One Hour Photo Review by Oren Loni
The movie should be plain stupid, but it’s not. From the moment Robin William’s character is introduced, he invokes a sense of general unease. Which is weird, because aside from the horrible blond hair, he looks loveable and funny, just like he did in all his brilliant comedies.
The inkiness of the character increases as we watch him develop one roll after another of the family’s film, not just keeping the extra photos, but putting them up on the wall and genuinely acting like they belong there, like he’s a much loved grandfather waiting for them to return. The acting, the writing, and the directing make it clear that despite his affable nature, this man is very close to becoming unglued.
The really horrible part is watching him interact with the family.
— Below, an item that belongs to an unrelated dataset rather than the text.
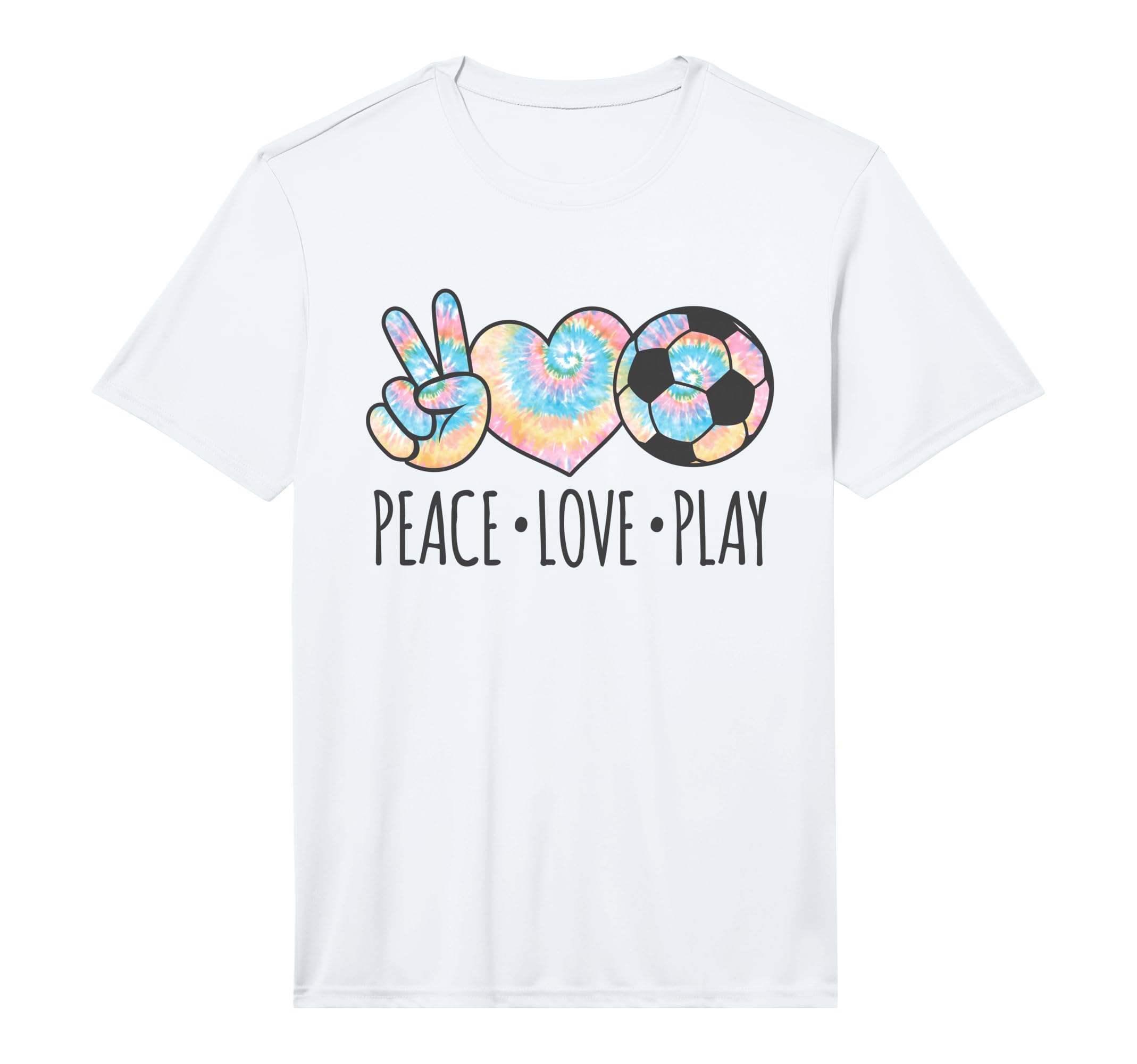Tie Dye Soccer Teen Peace Love Play T-Shirt - Custom Art Print Men Women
On the surface, the interactions seem very innocent, but since the viewer knows what’s going on inside the developer’s head, it’s hard to resist the urge to yell at the characters and warn them to start running as fast as they can.
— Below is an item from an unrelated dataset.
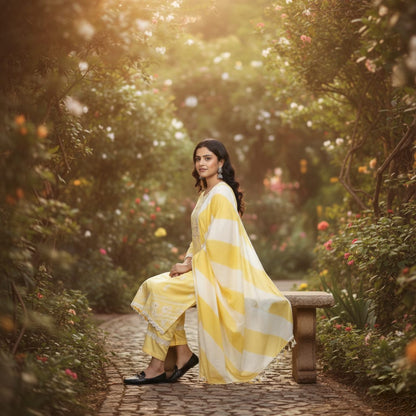 SALWAR SUIT COTTON LIGHT YELLOW COLOR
And when the truth finds out and the developer takes his rage and sense of betrayal out on the young husband, which is played to perfection by the highly underrated Vince Vaughn, it’s impossible to look away even though your heart is going a million miles an hour. It’s more terrifying than any monster movie could ever hope to be.
The interesting thing about the movie is that the way it’s shot is very simple. No one tried to resort to crazy camera angles, bizarre lighting techniques, or stunning stunts to keep the viewer engaged. The director, Mark Romanek, was happy to let the actors do what they do best, act their hearts out, and the end result is a bone chilling psychological thriller.
In this role, Robin Williams proves that he’s capable of putting together a stunning performance that doesn’t rely on any type of comedy. My question is, would One-Hour Photo have been as terrifying if the viewers weren’t already conditioned to thinking of Robin Williams as a warm, fun, actor?